Task to carry out:
Please give back each line of the material unchanged, but without the images.

Data section:
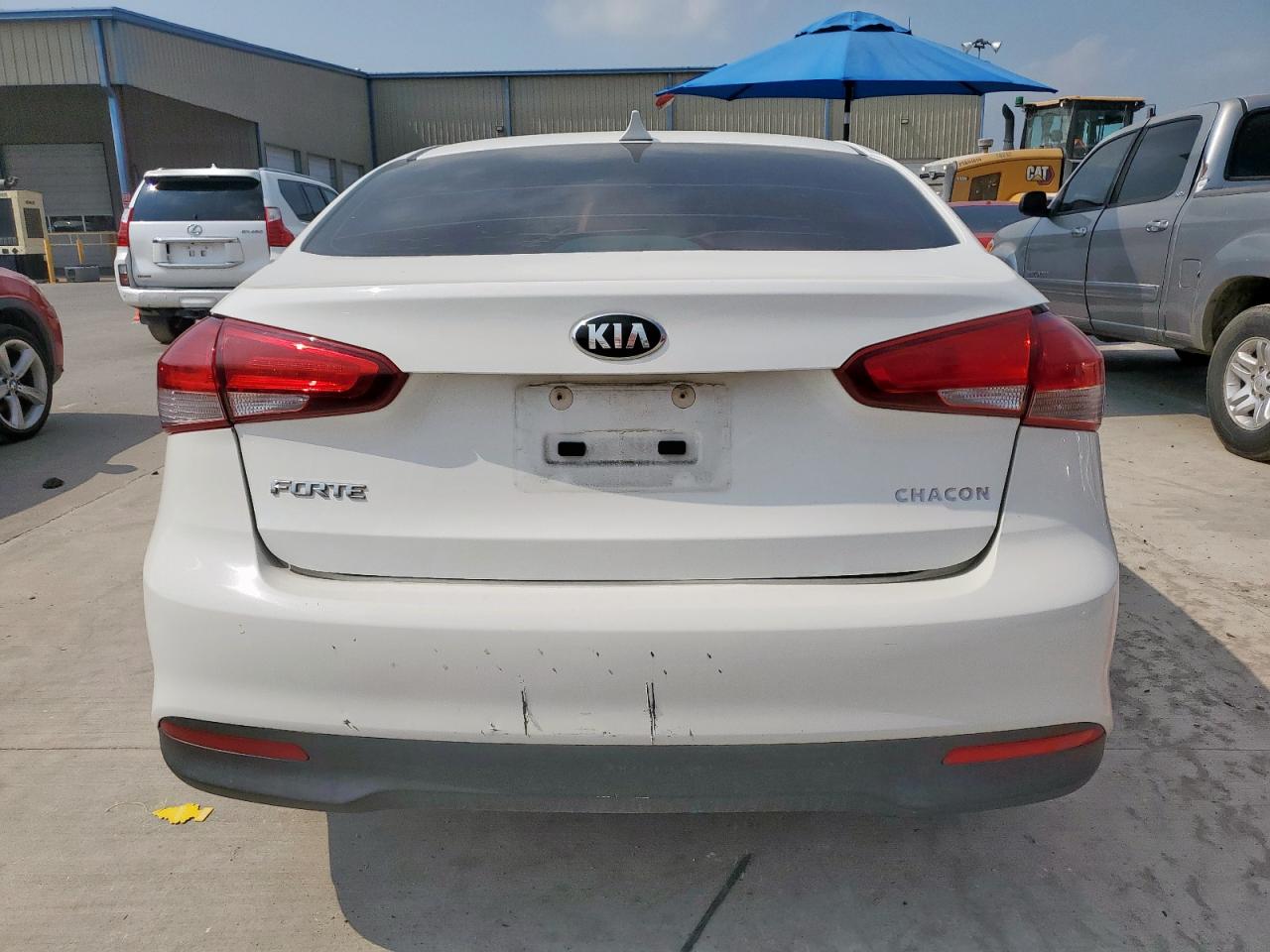 2017 Kia Forte Lx VIN: 3KPFK4A78HE093764 Lot: 81573975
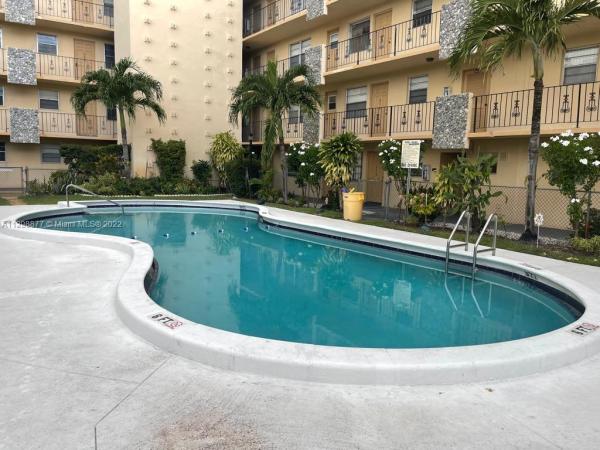 Warrenton House, 2145 Pierce St #324, Hollywood, Florida 33020, image 1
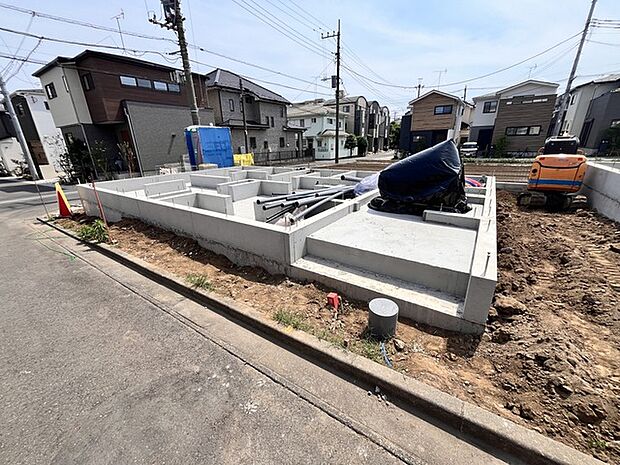 前面道路は広く、駐車がしやすいです。駐車スペース2台分ございます。 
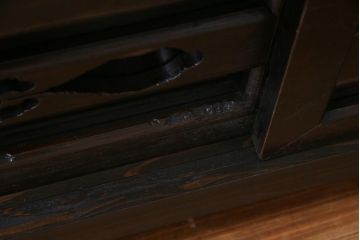 ラフジュ工房オリジナル　古建具リメイク　趣ある透かし彫りが和の風情感じる引き出し付きローボード(戸棚、収納棚、テレビボード)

Answer box:
 2017 Kia Forte Lx VIN: 3KPFK4A78HE093764 Lot: 81573975
 Warrenton House, 2145 Pierce St #324, Hollywood, Florida 33020, image 1
 前面道路は広く、駐車がしやすいです。駐車スペース2台分ございます。 
 ラフジュ工房オリジナル　古建具リメイク　趣ある透かし彫りが和の風情感じる引き出し付きローボード(戸棚、収納棚、テレビボード)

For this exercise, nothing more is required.